■ Material provided ■
★ ★ ★
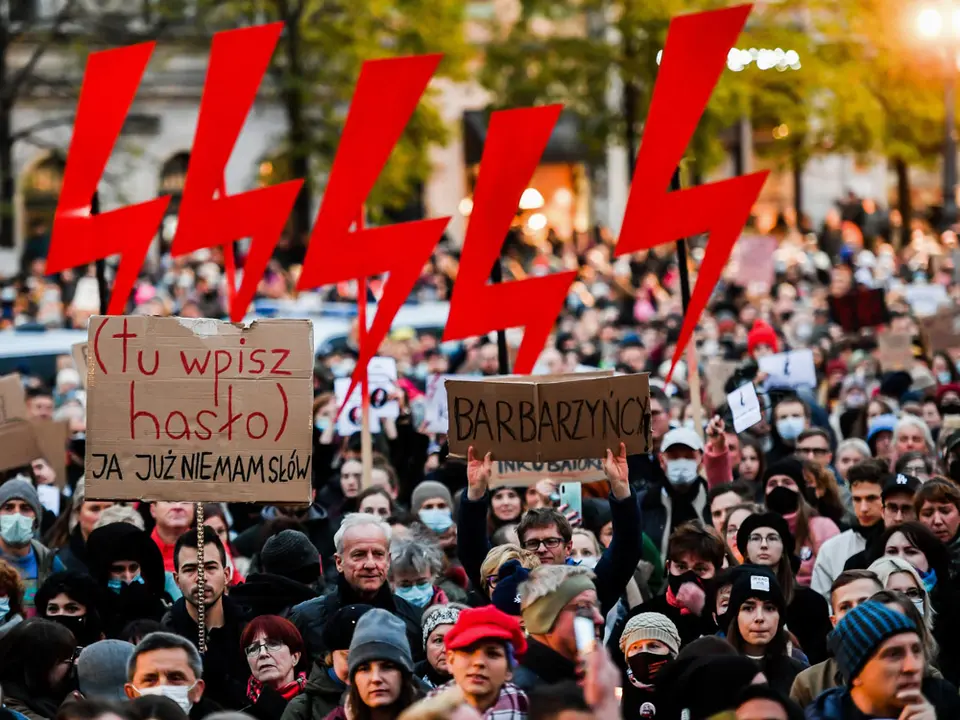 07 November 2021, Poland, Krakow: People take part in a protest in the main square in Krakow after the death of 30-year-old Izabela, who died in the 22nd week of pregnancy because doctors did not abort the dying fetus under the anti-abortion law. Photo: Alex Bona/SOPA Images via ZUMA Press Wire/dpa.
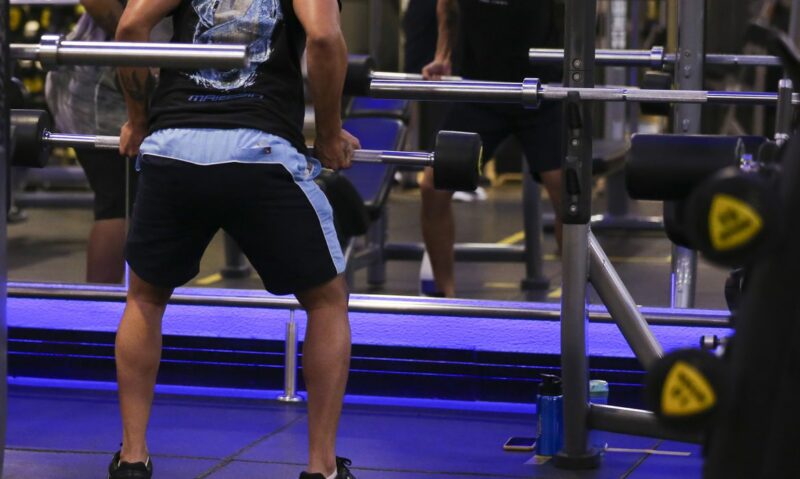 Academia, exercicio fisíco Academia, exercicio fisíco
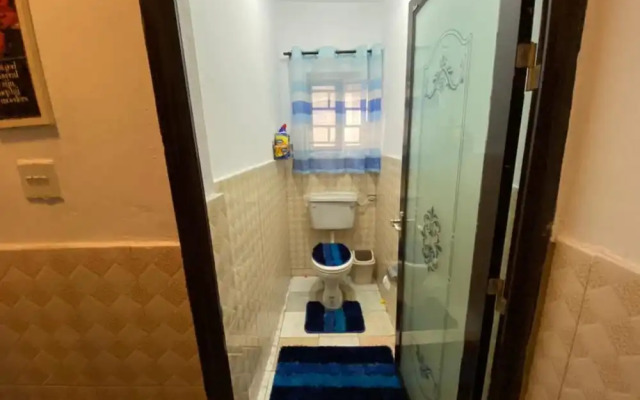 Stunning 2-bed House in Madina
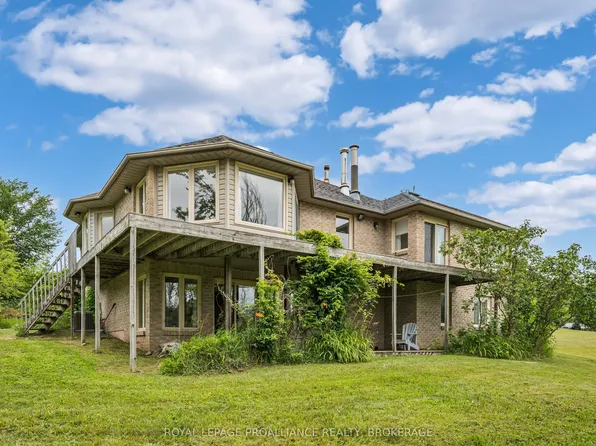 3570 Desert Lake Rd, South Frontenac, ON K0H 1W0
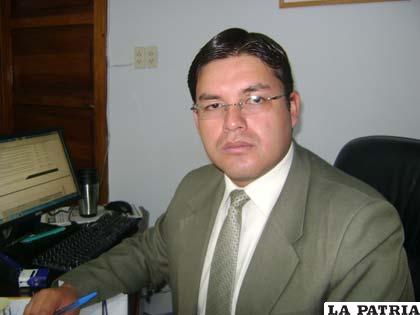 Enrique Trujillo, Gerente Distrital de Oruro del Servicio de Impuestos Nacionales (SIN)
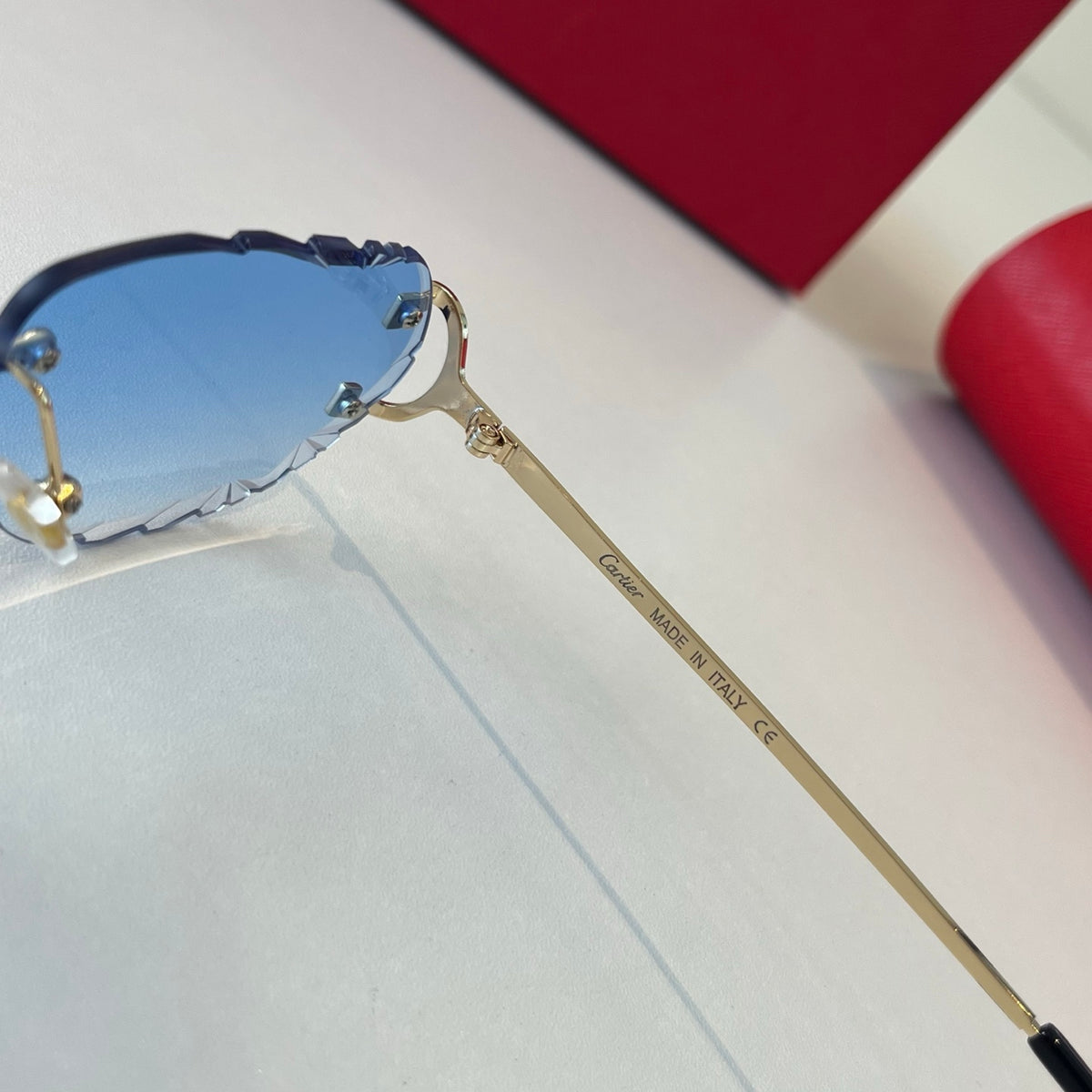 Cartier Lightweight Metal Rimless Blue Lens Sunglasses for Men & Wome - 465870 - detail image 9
★ ★ ★
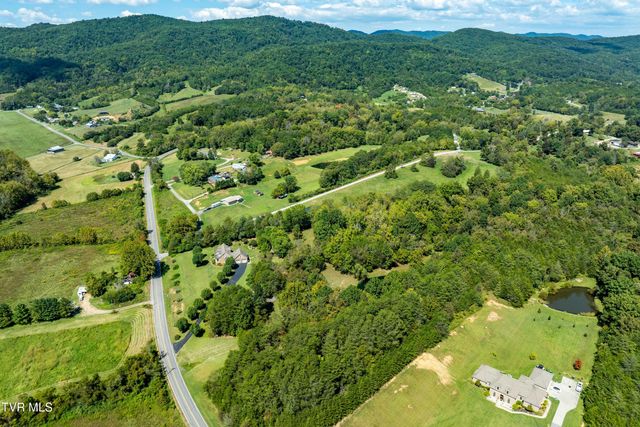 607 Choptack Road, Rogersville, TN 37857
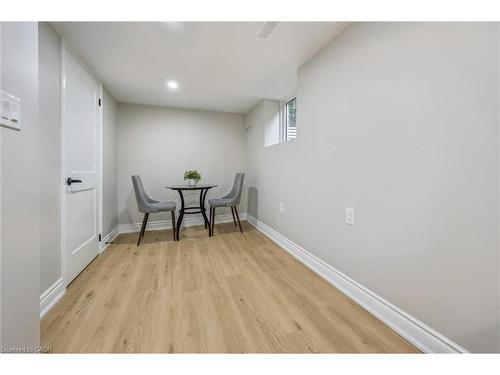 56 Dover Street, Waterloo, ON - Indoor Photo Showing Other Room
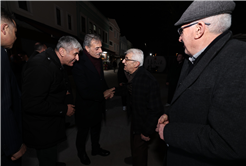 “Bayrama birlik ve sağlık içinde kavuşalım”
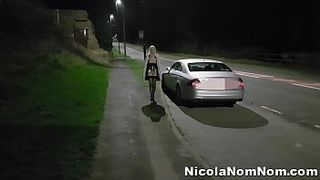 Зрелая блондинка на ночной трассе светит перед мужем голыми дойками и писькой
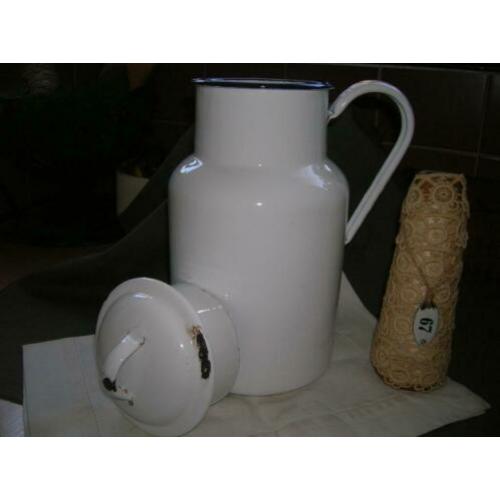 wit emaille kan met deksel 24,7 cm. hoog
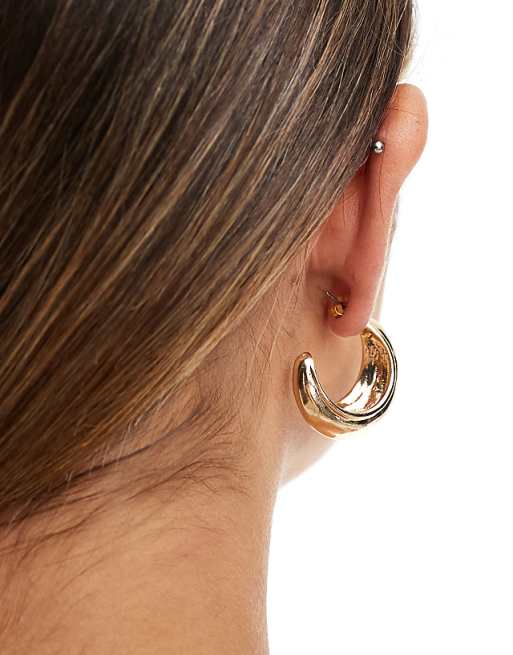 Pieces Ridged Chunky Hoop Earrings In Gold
★ ★ ★
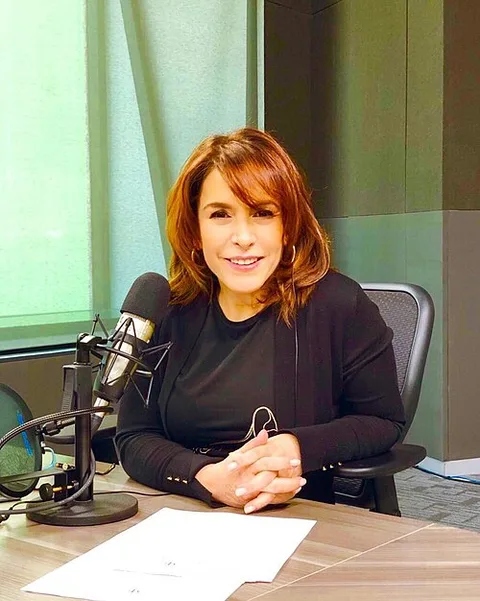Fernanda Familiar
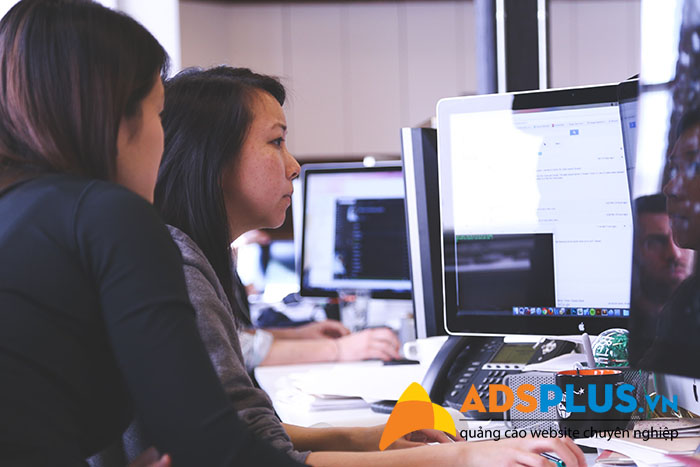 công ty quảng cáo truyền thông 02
★ ★ ★
■ Exercise description ■
What are the lines above from the one with "Зрелая блондинка на" to the one with "Pieces Ridged Chunky Hoop Earrings In Gold", both included? Reproduce them exactly, without pictures.

■ Response below ■
 Зрелая блондинка на ночной трассе светит перед мужем голыми дойками и писькой
 wit emaille kan met deksel 24,7 cm. hoog
 Pieces Ridged Chunky Hoop Earrings In Gold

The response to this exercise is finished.